As you can see in these example screens, Saturn is primarily focused on making it easier for students to stay on track with their school commitments, but that also expands to sharing your calendar with friends, and even chatting and joining events in-app.
Which obviously aligns with Snap usage.
Snapchat’s user base is primarily teens, so the alignment here makes sense, while Snap has also told Engadget that around 80% of U.S. high schoolers attend schools that support Saturn schedules. Saturn is currently available in around 17k American high schools, while it’s also now expanding into college campuses as well.
Given the broader capacity to connect Snap’s primary audience in all new ways, the partnership makes sense, and it’ll be interesting to see how Snapchat looks to integrate more calendar-style elements into the app.
At this stage, Saturn will continue to operate as normal, while Snap works through the full implications and planning based on the merger.
But again, I suspect, at some stage, Saturn will be no more, and Saturn’s users will be referred to Snap instead, where they’ll get access to all new calendar-based social features that will help to facilitate connection among teens.
Snapchat also has its Snap Map, on which users can display where they are at any given time, along with its ephemeral (kind of) DM elements.

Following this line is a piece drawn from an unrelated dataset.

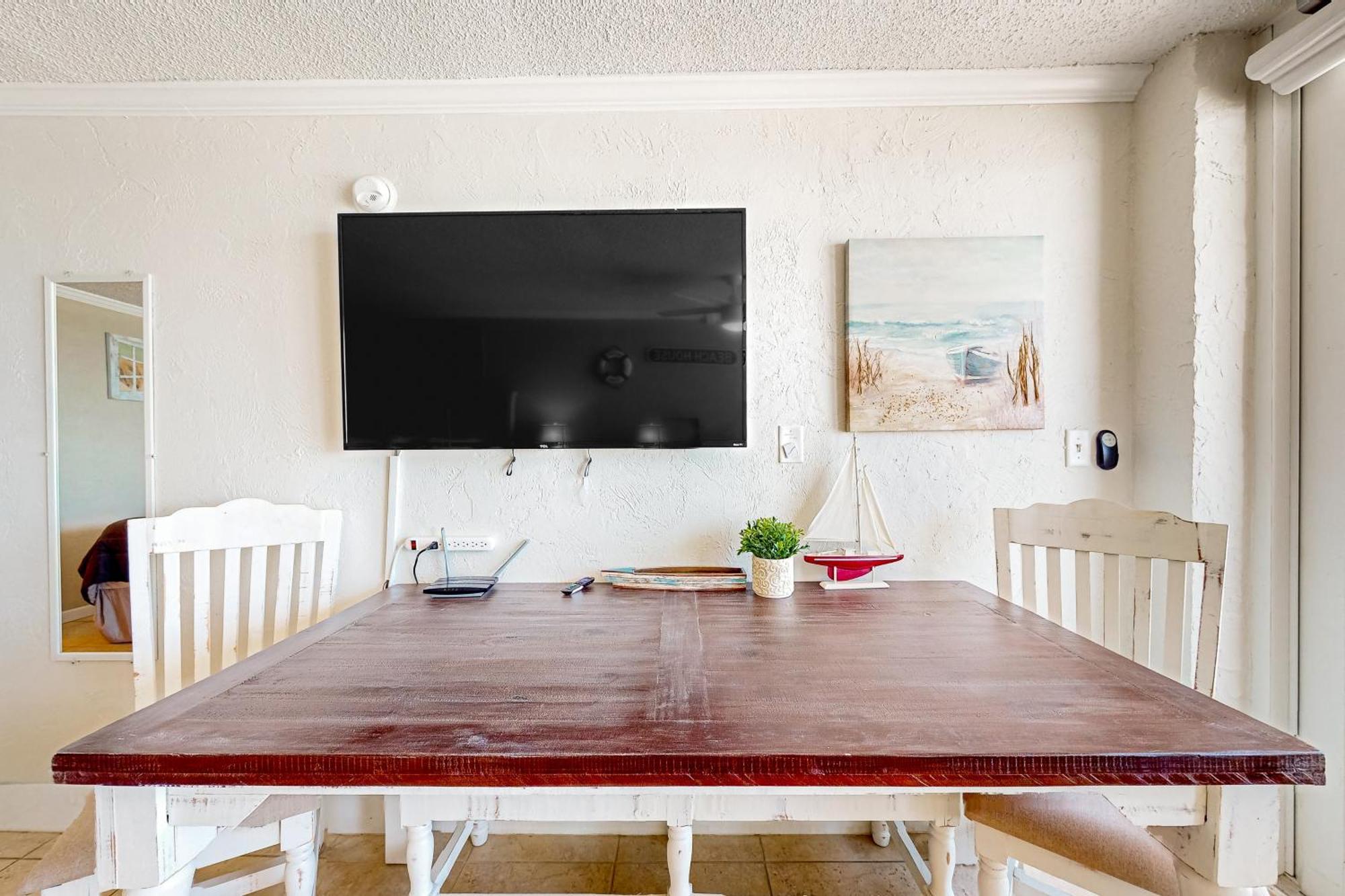 Sunshine & Oceanfront Serenity Daytona Beach Shores Ruang foto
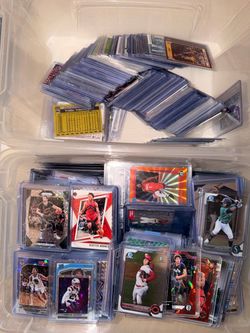 Modern Sports Card Collection (MLB, NBA, & NFL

Adding calendar tracking to this will provide another way to facilitate in-person meet-ups, though it could also open up new vectors for stalking, and teens unwittingly sharing a little too much info in the app.
But Snap does have privacy settings in place for this, and again, you can already pretty much do this on the Snap Map. Sure, flagging where you’ll be ahead of time will add another element to this, and you can already imagine how jilted teen exes will use this to ill effect.
But privacy concerns aside, it’s another logical addition for Snapchat, which aligns with teen usage.